Cluster ownership of the quorum resource

The Microsoft clustering challenge/defense protocol uses a low-level bus reset of the SCSI buses between the computers to attempt to gain control of the quorum resource.

After a SCSI bus reset, the reservation that each server had been holding on the quorum disk is lost. Each server has about 10 seconds to re-establish that reservation, which would in turn let the other servers know that it is still functioning, even though the other servers would not necessarily be able to communicate with it.

If the active cluster server does not re-establish the SCSI reservation on the quorum resource within the time limit, the applications that were on the server transfer to the server that establishes the SCSI reservation first. The new server servicing the application may now be a bit slower, but clients still get their applications serviced. The IP (Internet Protocol) address and network names move, applications are reconstituted according to the defined dependencies, and clients are still serviced, without any question as to the state of the cluster.
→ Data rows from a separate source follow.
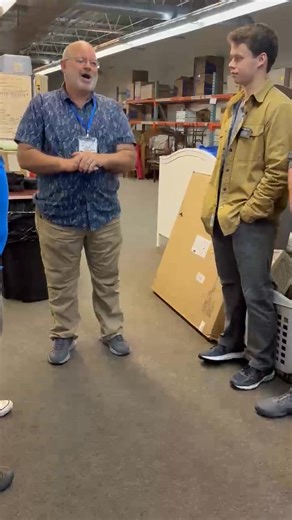 A little behind the scenes look at FAM, before loading up the trailer. | FAM Essentials | Facebook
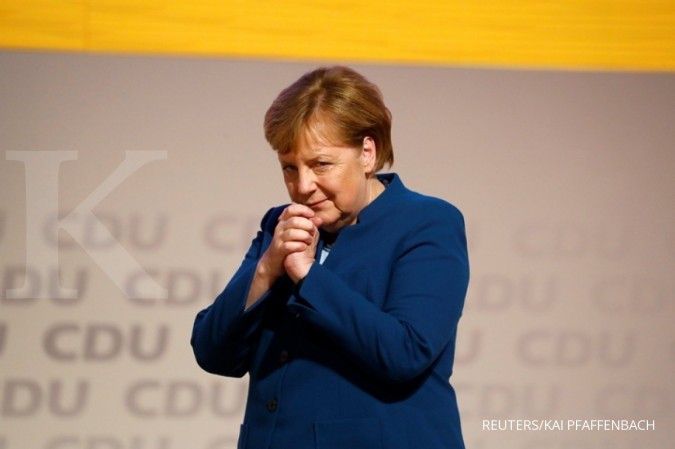 Kondisi Angela Merkel Menyulut Diskusi Tentang Kesehatan Pemimpin Jerman
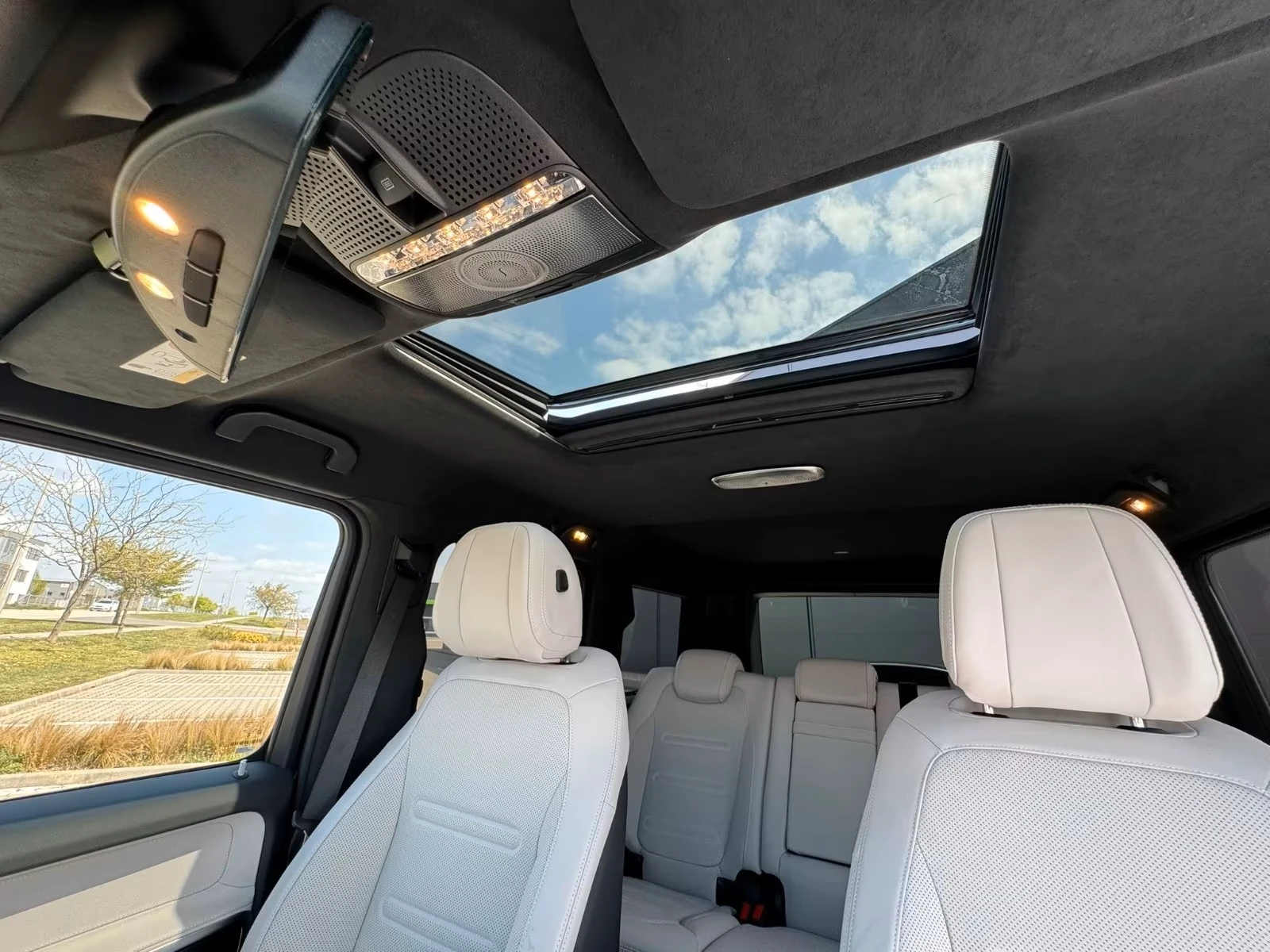 Mercedes-Benz G 580 EQ TECHNOLOGIE 580 AMG LINE MANIFAKTUR | Mobile.bg � ����������� 14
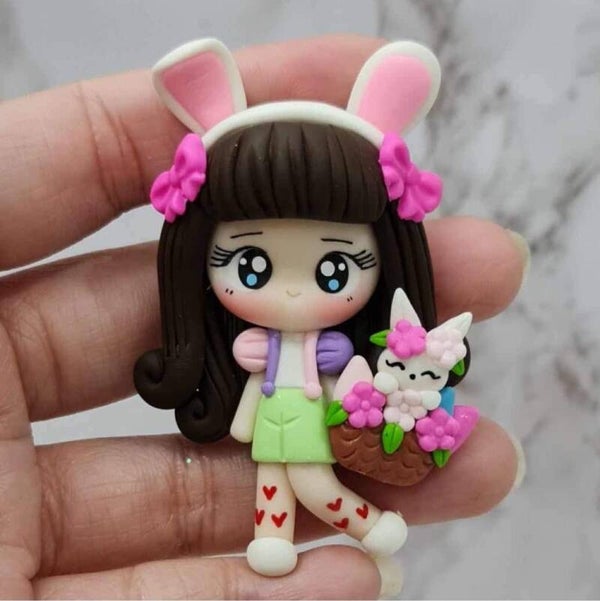 Easter girl 11
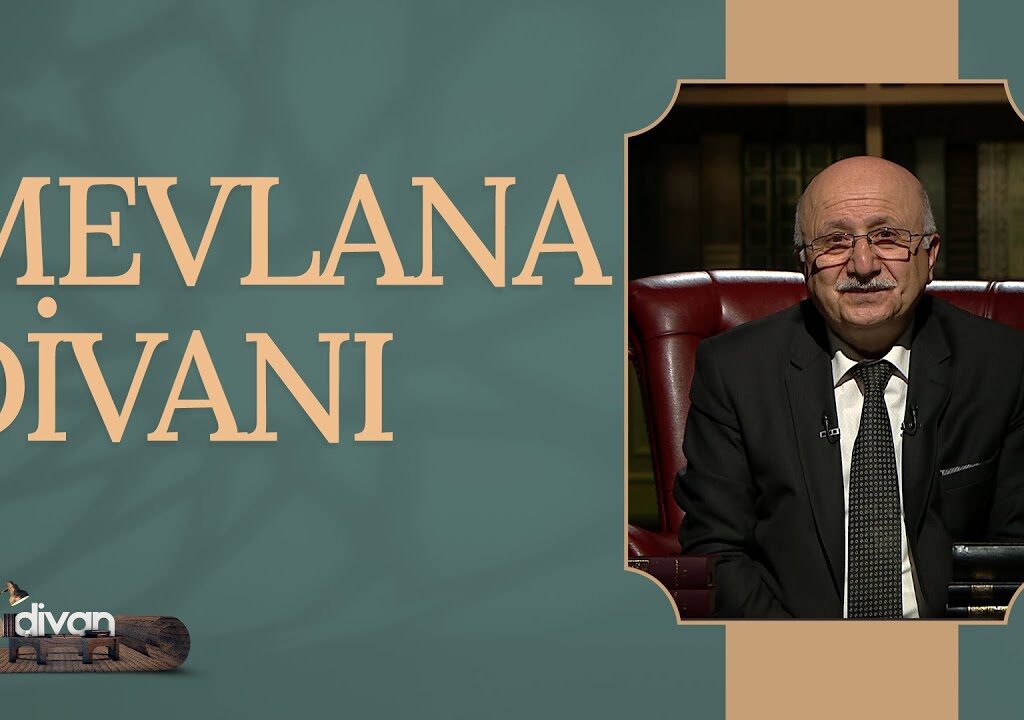 Prof. Dr. Adnan KARAİSMAİLOĞLU İLE Mevlana Divanı 2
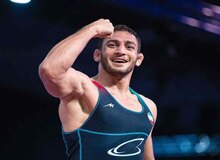 آذرپیرا فینالیست شد 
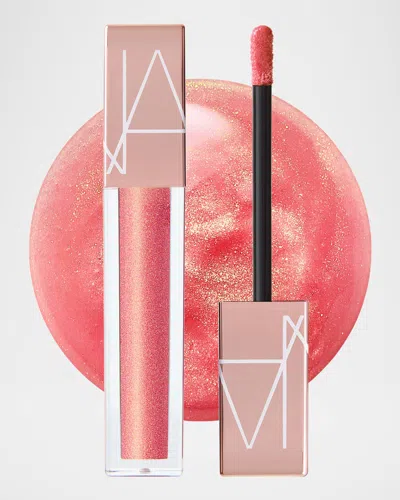 Nars Afterglow Lip Oils In Orgasm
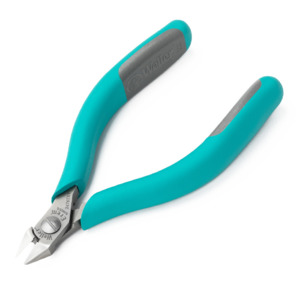 Weller-Erem 2476TX1 Tapered Diagonal Wire Cutter - Flush Cut, 2400 series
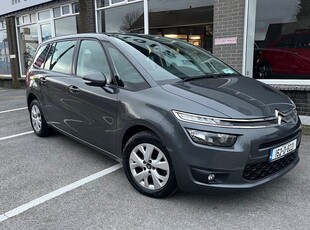 2015 - Citroen C4 Manual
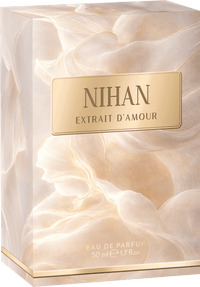 NIHAN Extrait D'Amour Eau de Parfum, 50 ml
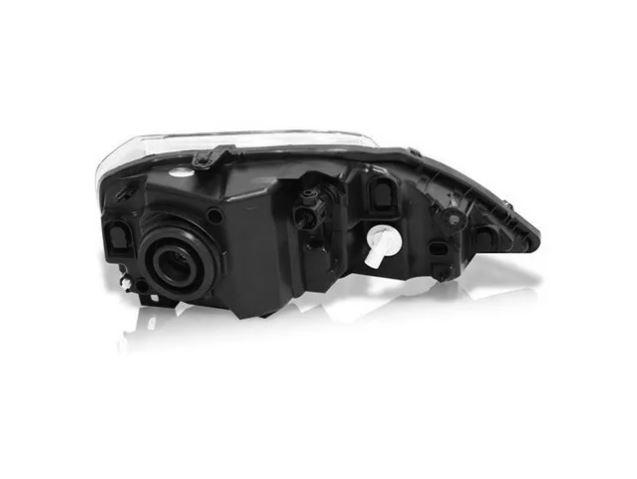 Farol Renault Logan 2011 A 2013 Esquerdo Zeene Zn14141097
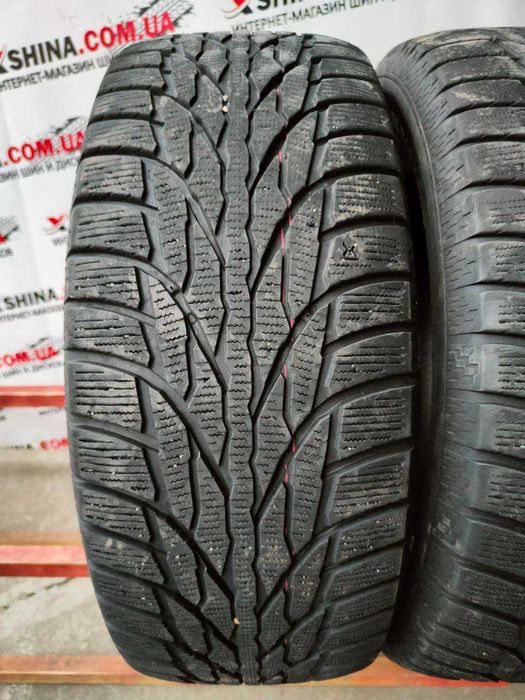 255/55 R18 7.5мм 2019 Зимняя резина шины зима KUMHO 255 55 Р18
The challenge/defense protocol is more complex when the quorum device is a volume in a Storage Foundation disk group. For a server to take ownership of the disk group containing the cluster quorum device, SFW on that server must successfully import the disk group, obtaining SCSI reservations on more than half of its disks.

Because a campus cluster configuration has an even number of disks on each site, failover cannot occur automatically. After a site failure, you must use the manual CLI command vxclus enable to bring the cluster disk groups online on the secondary node.